▶ [Task inputs]:
%%
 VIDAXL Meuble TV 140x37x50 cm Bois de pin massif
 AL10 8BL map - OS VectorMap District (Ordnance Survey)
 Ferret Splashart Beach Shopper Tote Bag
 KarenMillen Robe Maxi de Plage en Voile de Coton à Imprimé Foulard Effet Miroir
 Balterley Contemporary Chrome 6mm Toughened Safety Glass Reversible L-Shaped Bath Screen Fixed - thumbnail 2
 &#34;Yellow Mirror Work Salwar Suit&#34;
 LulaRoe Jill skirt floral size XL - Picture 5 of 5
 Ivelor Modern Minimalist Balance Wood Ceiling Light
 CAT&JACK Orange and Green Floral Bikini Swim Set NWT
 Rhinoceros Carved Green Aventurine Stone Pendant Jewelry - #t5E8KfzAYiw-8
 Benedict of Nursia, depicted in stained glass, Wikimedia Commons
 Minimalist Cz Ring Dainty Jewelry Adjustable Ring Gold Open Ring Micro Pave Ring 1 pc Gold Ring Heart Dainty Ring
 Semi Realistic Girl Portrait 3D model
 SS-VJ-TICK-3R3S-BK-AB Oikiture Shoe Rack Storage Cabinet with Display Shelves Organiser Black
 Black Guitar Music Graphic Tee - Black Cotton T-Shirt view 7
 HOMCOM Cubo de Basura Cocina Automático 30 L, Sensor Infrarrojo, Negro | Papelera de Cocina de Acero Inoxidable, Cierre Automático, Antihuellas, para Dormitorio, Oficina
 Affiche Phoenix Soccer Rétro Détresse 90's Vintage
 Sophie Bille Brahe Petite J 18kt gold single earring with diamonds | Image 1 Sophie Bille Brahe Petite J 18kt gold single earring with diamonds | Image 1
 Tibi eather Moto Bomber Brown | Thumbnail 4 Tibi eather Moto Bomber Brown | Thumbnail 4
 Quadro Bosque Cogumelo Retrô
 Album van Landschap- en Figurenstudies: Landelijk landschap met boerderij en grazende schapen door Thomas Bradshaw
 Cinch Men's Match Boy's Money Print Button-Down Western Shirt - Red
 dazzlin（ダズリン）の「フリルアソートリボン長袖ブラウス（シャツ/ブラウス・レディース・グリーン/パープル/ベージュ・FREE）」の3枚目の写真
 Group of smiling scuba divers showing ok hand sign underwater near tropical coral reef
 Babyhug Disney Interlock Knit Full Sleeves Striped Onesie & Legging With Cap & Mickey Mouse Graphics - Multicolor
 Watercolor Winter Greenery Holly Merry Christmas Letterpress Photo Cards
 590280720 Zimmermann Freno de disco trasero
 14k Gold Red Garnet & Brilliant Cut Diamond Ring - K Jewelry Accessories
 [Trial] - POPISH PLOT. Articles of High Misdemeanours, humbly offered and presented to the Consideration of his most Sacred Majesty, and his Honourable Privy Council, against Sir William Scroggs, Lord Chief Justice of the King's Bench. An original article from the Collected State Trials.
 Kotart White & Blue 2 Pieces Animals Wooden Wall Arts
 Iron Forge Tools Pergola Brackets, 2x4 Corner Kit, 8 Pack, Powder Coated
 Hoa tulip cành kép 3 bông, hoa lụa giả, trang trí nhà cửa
%%
▶ [What the task asks]:
Using the data above, transcribe the lines that run from the line with "SS-VJ-TICK-3R3S-BK-AB Oikiture Shoe" to the line with "Image 1 Sophie", both ends kept, and output nothing else.

▶ [Answer section]:
 SS-VJ-TICK-3R3S-BK-AB Oikiture Shoe Rack Storage Cabinet with Display Shelves Organiser Black
 Black Guitar Music Graphic Tee - Black Cotton T-Shirt view 7
 HOMCOM Cubo de Basura Cocina Automático 30 L, Sensor Infrarrojo, Negro | Papelera de Cocina de Acero Inoxidable, Cierre Automático, Antihuellas, para Dormitorio, Oficina
 Affiche Phoenix Soccer Rétro Détresse 90's Vintage
 Sophie Bille Brahe Petite J 18kt gold single earring with diamonds | Image 1 Sophie Bille Brahe Petite J 18kt gold single earring with diamonds | Image 1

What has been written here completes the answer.